Stop after the line holding "Логотип для Дивада - дизайнер Vd51". Repeat exactly every line before it in the records below, that line too, and leave out the pictures.

--- DATA IN THIS EXERCISE Enclosed Below ---

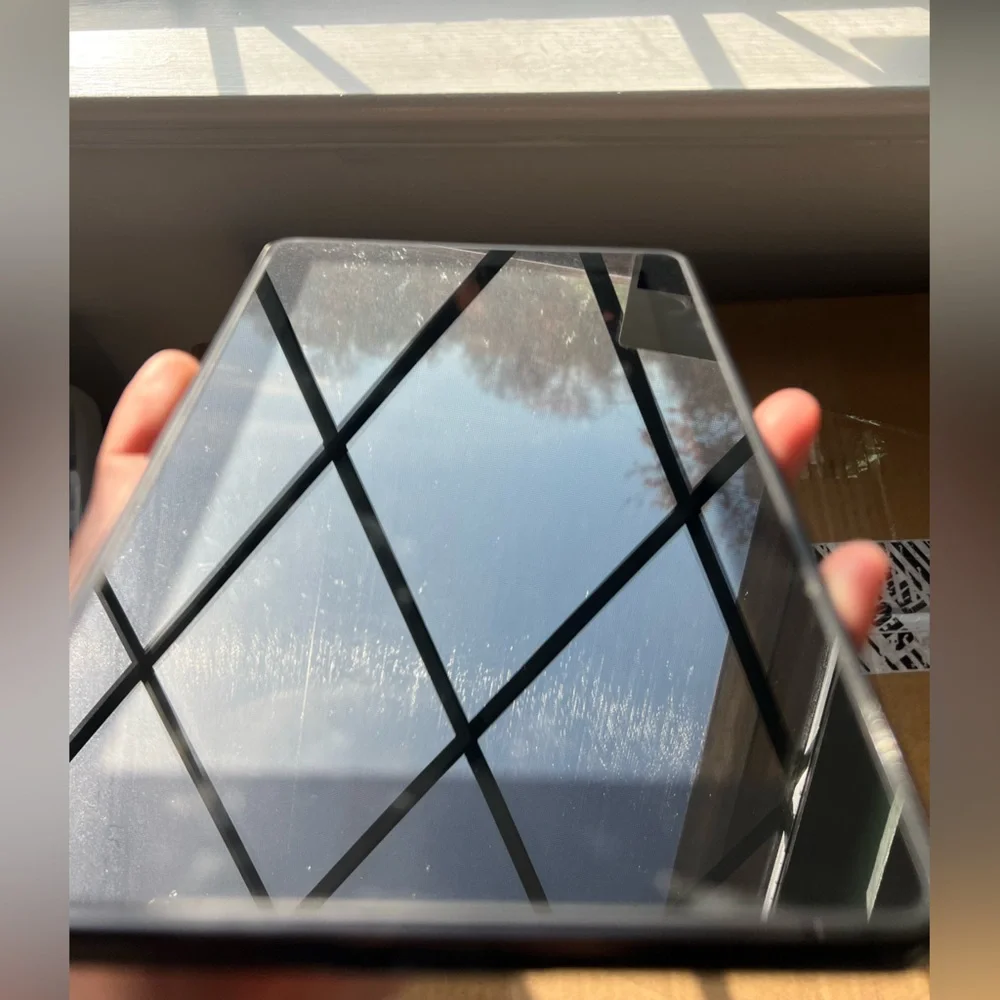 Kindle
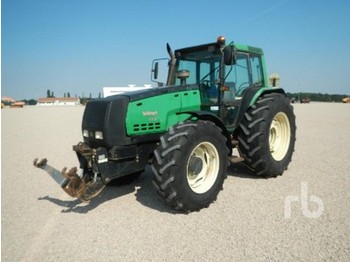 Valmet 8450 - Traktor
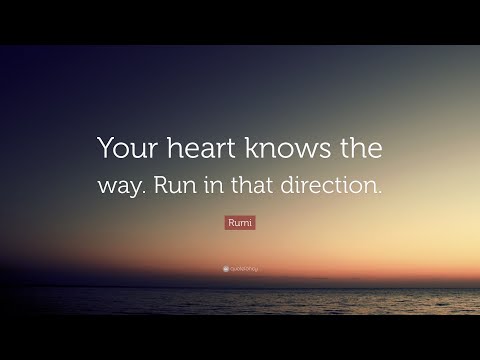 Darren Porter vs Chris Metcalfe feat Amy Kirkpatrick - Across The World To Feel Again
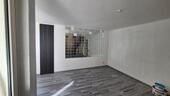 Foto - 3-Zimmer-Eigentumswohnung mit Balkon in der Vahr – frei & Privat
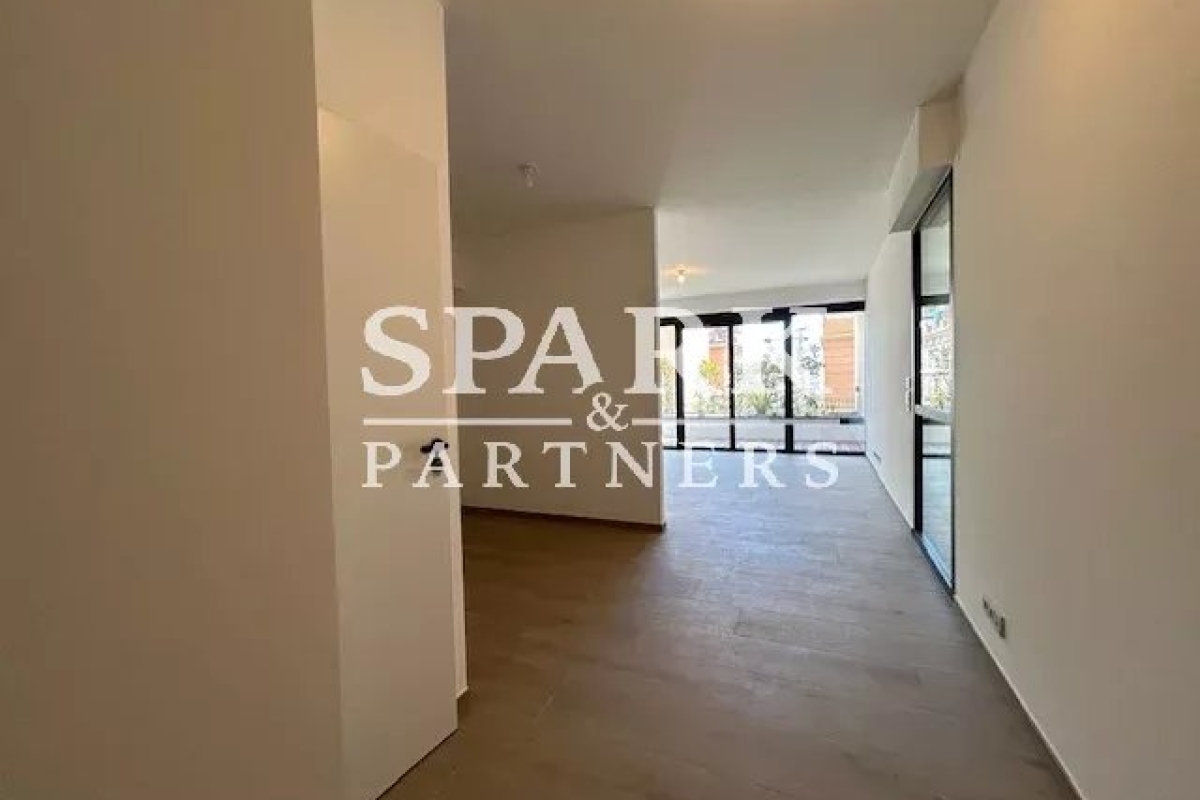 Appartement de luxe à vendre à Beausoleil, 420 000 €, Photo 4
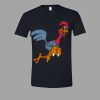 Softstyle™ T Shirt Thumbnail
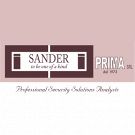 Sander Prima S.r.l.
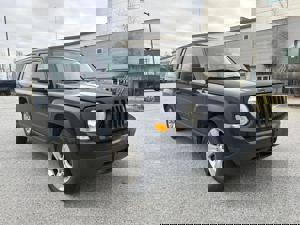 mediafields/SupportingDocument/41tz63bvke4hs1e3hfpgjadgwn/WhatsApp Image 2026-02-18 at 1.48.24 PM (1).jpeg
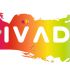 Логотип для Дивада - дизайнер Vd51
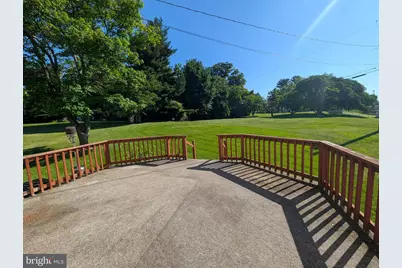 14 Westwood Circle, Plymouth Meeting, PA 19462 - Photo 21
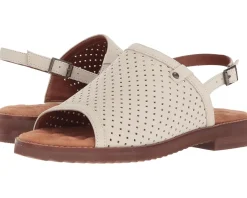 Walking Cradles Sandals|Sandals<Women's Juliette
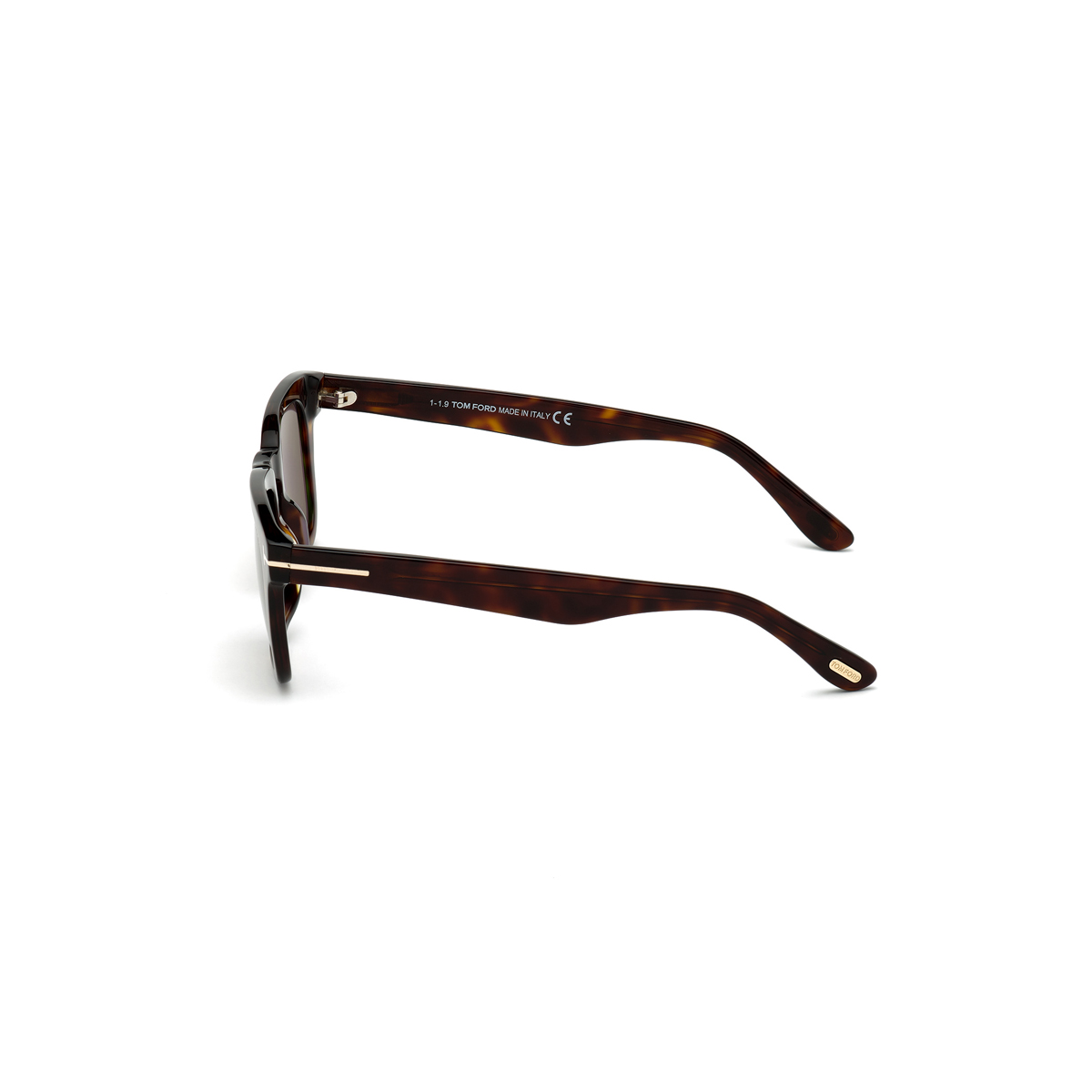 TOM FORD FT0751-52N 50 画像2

--- End of Enclosed DATA IN THIS EXERCISE ---

*YOUR SOLUTION*.
 Kindle
 Valmet 8450 - Traktor
 Darren Porter vs Chris Metcalfe feat Amy Kirkpatrick - Across The World To Feel Again
 Foto - 3-Zimmer-Eigentumswohnung mit Balkon in der Vahr – frei & Privat
 Appartement de luxe à vendre à Beausoleil, 420 000 €, Photo 4
 Softstyle™ T Shirt Thumbnail
 Sander Prima S.r.l.
 mediafields/SupportingDocument/41tz63bvke4hs1e3hfpgjadgwn/WhatsApp Image 2026-02-18 at 1.48.24 PM (1).jpeg
 Логотип для Дивада - дизайнер Vd51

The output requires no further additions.